I would be surprised with anything lower than 8s.
 
Overall very nice boxes.

For all of them I think you could have spent a little more time evening out the edges of the garnish to provide a better frame for the meat. On the chicken the brush marks are pretty obvious, so that may knock the scores down a bit depending on the judge. I agree about the ribs, plus having the ribs from the same slab and in the same order makes them look better in the box. For the pork box it looks like some bark is missing off of the right end slice, and it loos like some gunk could have been cleaned up on the top edge of the next two slices.

Solid 8's on all three, maybe a 9 on the chicken and ribs.
 
What Ronelle said ^^^^^ with one exception: judges in KCBS comps are not supposed to judge the garnish. And we all know that no one does, right :rolleyes: ?
 
I'd say that I'd be careful with the chicken.. It looks great, but it also is in an "X", and I'd be cautious of someone claiming that it's marking, etc.

The ribs, I agree with other comments.

The pork looks great, but I don't see why 3 areas of meat instead of 2. It just looks busy, and might detract on some scores.
 
In your rib box you have the parsley on top of the rib ends. When a judge picks a rib with tongs the parsley will most likely pick up with it. Overall the boxes look great but you need to make the parsley edges more even to "frame" the meat.
 
I'd say that I'd be careful with the chicken.. It looks great, but it also is in an "X", and I'd be cautious of someone claiming that it's marking, etc.

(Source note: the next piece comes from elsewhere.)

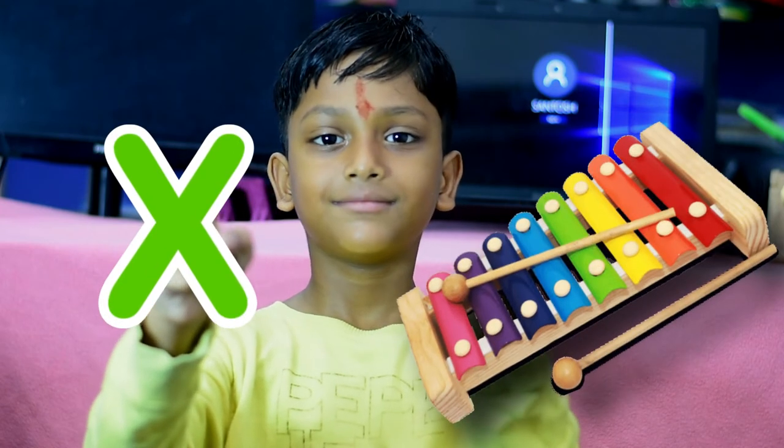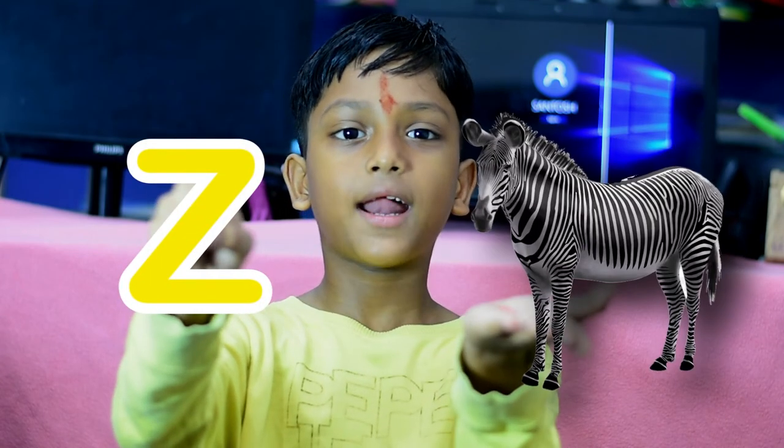This is X, X for side of blue. This is white, white for yellow. This is red, red for zebra.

I wouldnt worry about that postion being called for marking, and if a CBJ think it is and wants to comment, they best wait till all the scores are written down and then discuss.
 
In your rib box you have the parsley on top of the rib ends. When a judge picks a rib with tongs the parsley will most likely pick up with it. Overall the boxes look great but you need to make the parsley edges more even to "frame" the meat.

Tongs?
 
I'd give these boxes a 9-8-9 in order. Chicken looks great, Ribs look good, but not quite great, and pork looks great!!! Too bad I didn't get any of these boxes when I judged that comp!
 
Thanks for the replys. We actually didn't get anything lower than an 8 on any of them but got more 8s than 9s. I knew the ribs were not 9s even though I did get some. I was disappointed in the quality of the ribs after I opened the cryovac and started prepping them. If I had prepped at home ahead of time I would have gone and bought some more. I used ribs out of 4 slabs to make up the box. I did get a walk for the pork for 7th place. Thanks again for the feedback.
 
I am a bit surprised to hear so many giving the chicken a 9. The color seems very light from what I hear at the judging tables. I would probably give it a high 7 on my card. The garnish also could of been placed more evenly to help frame the chicken better. That likely would of taken it to an low 8 but no higher because of the light color of the thigh. I am stating "high" and "low" so as to know more closely where a little difference can make a whole number higher.

The ribs are beautiful color, just a little to much difference in size on the front row and slightly crooked cut on one of the ribs. Garnish helps frame the meat better than the chicken did. You may have been able to slide the rib on the left up and covered the size difference with the garnish. I would give it an low 8.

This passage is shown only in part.